If you ever wondered what a black hole looks like from the
inside , look out your front door. Everything you see and
more is the product of a black hole. Yes our heavier
elements are from "recent" supernovas but the birth of our
universe is from a black hole. Our universe has the very
same event horizon as a black hole in that there is no
escape . Yes exits are created when super black holes or
quasar like massive collisions of black holes within our
universe create such gravitation that energies spawn a
new inflationary hypersphere bubble of a new universe .

Our universe is a mother and has given birth to other
universes . We have "heard" the burst of energies from
these births since they have left measured evidence of
colossal bursts equal to energies of our entire universe but
we can not see this newly inflating universe because it is
within its "own" space. No child universe is identical to its
parent. Changes to their cosmological constants may be
subtle or large , full of self knowing (self aware) intelligence
or dumb as a post . The same may be true of the universe
that spawned ours. A Universe is like a seed that falls FAR
from the tree. Some seeded universes may not even be
capable of procreation and if they are quite different, the
hazards of ever going there may be beyond dangerous.

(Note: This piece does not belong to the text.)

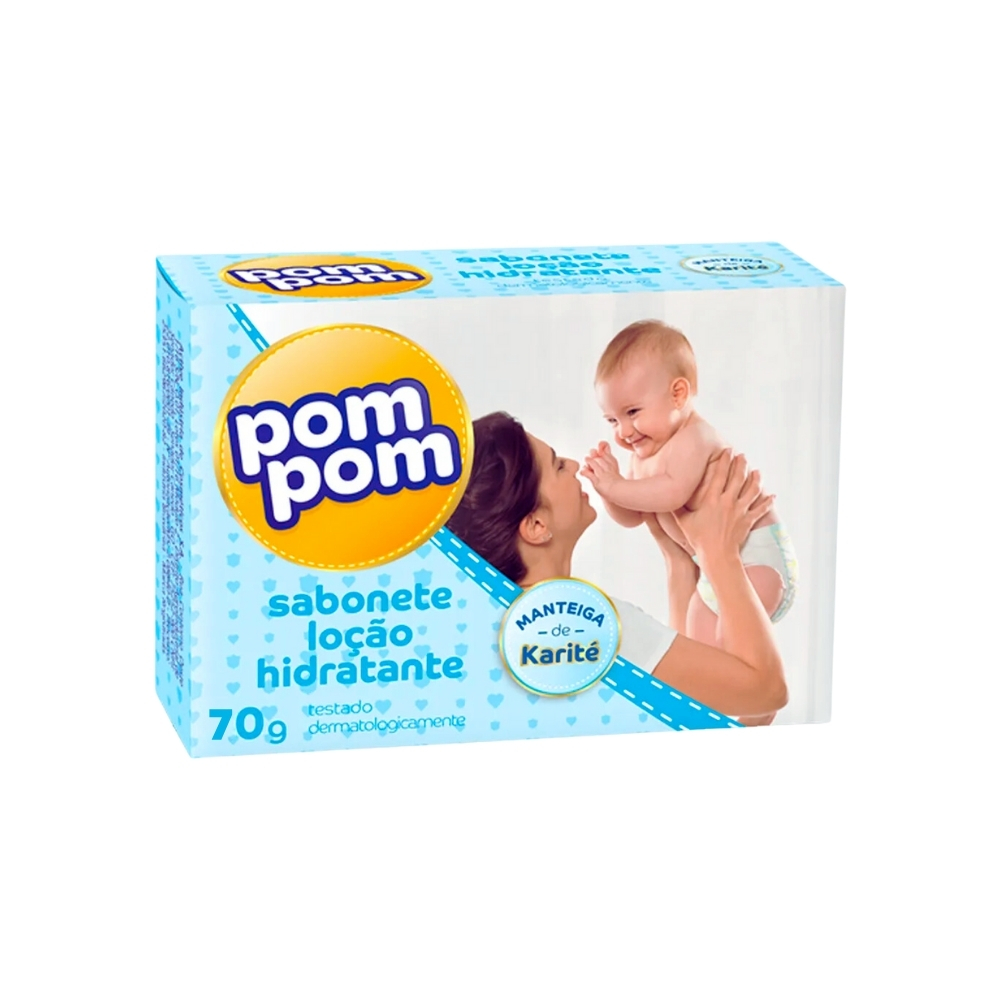 SABONETE POM POM INFT 70G HIDRATANTE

The birth of one universe from another does not create a symmetrical (identical) child of the parent.
This super symmetry of 'creations' is not an exact mirror . It
is a turbulent mirror that shares a fractal similarity on every
scale within it , but not in exact substance to the parent.
There are limits to this anthropomorphic comparison on
quantum scales but they too will reflect fractally to the ever
larger meta universe and therein lies the clues of emerging and disappearing virtual particles which may
bridge - tunnel to other universes.

As our universe feeds on itself , expands and procreates
,the evidence of "our offspring and ancestors" is dimensionally removed from our sight. Perhaps 11 dimensional string theroy and the new quantum computer will give us new insight.( a large
population of other universes must leave some evidence for us to discover ) I wondered if the enigmatic dark
matter interacts as a field of energy but is wholly
separate from our visible universe.

As is true with ourselves universes eat , grow , procreate
and die cold . On a grander fractal scale that would explode the human mind, ALL universes are are along a torus continum of balck hole universes that graduate to white "hole" universes.

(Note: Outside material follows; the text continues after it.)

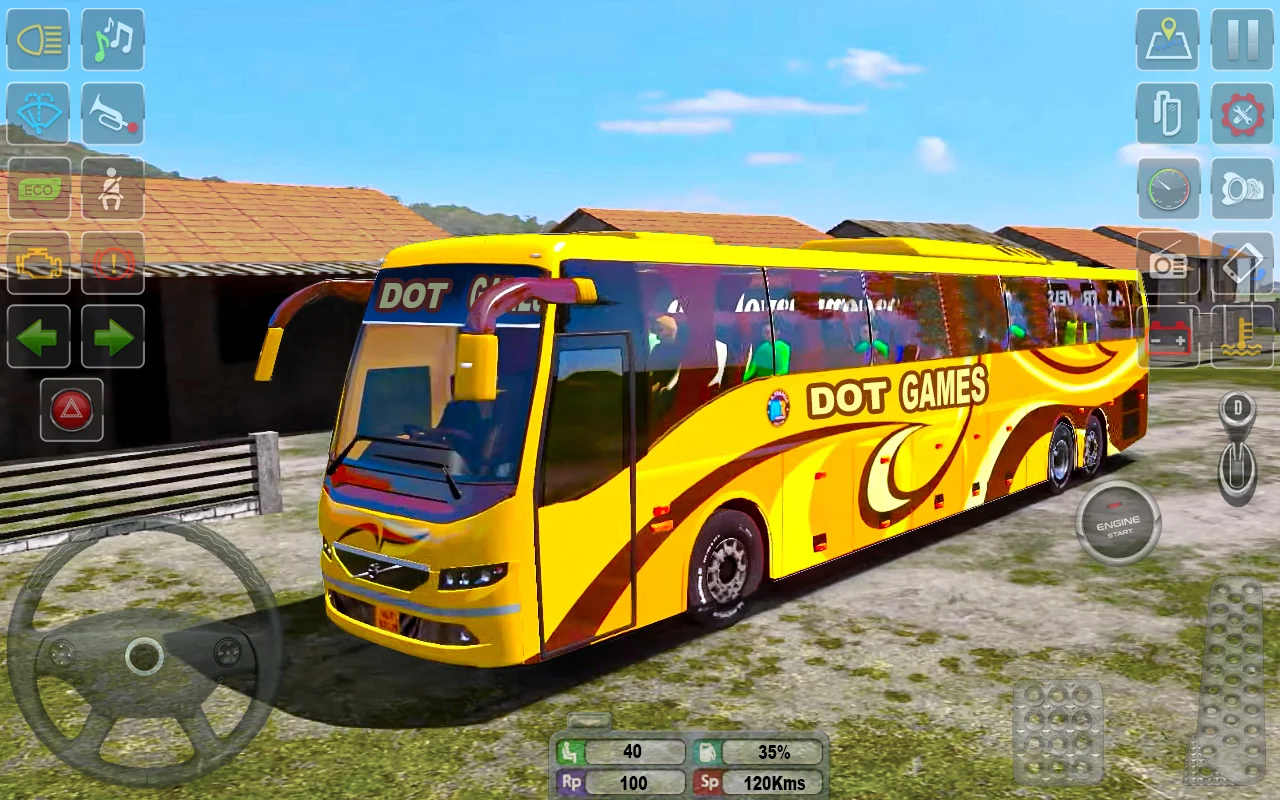 US Bus Simulator: Bus Games 3D Screenshot2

We have left the gravity well of our planet , Voyager is
leaving the gravity well of the Sun yet is inexplicably slowing faster than theorized. We may leave the well
of our galaxy...but to leave the well of the universe requires
the energies that created her in the first place unless we
can somehow sidestep these vast energies and use
stepping stones or tunnel to our mother universe's relatives
(or sufficiently cooled children). How these tunnels are built
is now in your hands.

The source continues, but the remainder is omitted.